Schumpeter’s career as an economist coincided with the birth of modern corporate capitalism. He observed directly the emergence of the world’s first large-scale companies and the corresponding ascendance of the first great captains of industry: Carnegie, Thyssen, Ford and other legends-to-be. The advent of capitalism-at-scale induced major social and economic dislocations, but it also drove a tremendous increase in the availability of low-cost consumer products, substantially enhancing workers’ quality of life.

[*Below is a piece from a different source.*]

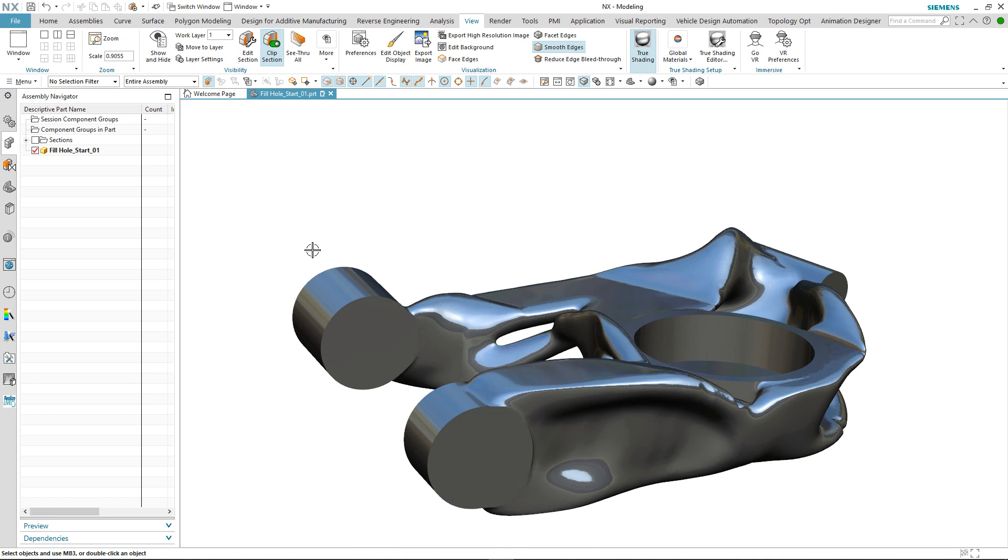Just to recap, we've looked at a number of new options in this latest release of NX with respect to the fill hole command. A tool that we can use to very quickly repair imported mesh data so that it can be made ready for other downstream design processes.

To describe the process by which new and innovative firms and industries displaced old and outmoded ones, Schumpeter coined the now famous phrase “creative destruction.” This phrase has become so closely associated with Schumpeter that it is generally taken to signify his most important intellectual contribution. This is unfortunate: To sum up Schumpeter with this one phrase is like remembering Shakespeare as the guy who merely puzzled over whether it was better “to be or not to be.” Schumpeter can no more accurately be described as an early business strategist than the Bard can be called a pioneering existentialist.
Indeed, the scope of Schumpeter’s work was almost absurdly broad compared with the highly specialized norm that dominates academia today. From the outset he sought no less than an integrated, scientifically based set of principles to explain the full scope of modern economic history. The localized phenomenon of creative destruction was, for Schumpeter, only one element of a research program that aimed at a formal understanding of the microeconomic drivers of business cycles and global historical trends. Schumpeter’s insights extend well beyond what can be grasped by one or even a dozen company case studies. His most ambitious work, though not his most successful one, is revealingly titled Business Cycles: A Theoretical, Historical, and Statistical Analysis of the Capitalist Process (1939). That he is rightly regarded as one of the great social scientists of the 20th century despite having apparently failed in the core project of his career is testament to the magnitude of his aspirations. To understand Schumpeter’s contribution we would do well to follow the example of his newest biographer, accepting no less a challenge than the rethinking of a century of human history.
A Century in a Nutshell
At the start of the 20th century, the world’s economic landscape was being transformed by the emergence of an entirely new form of business entity that was larger and more complex than any that had existed previously. The growth of these private-sector leviathans was due primarily to what economists refer to as “economies of scale”: the ability to reduce costs per unit by increasing the quantity of output or integrating within a single business entity the different stages of production, from the acquisition of raw materials to the assembly of a finished product. Economies of scale proved so powerful at the turn of the last century that the individuals and companies able to exploit them succeeded in revolutionizing existing industries and building new ones in a matter of years.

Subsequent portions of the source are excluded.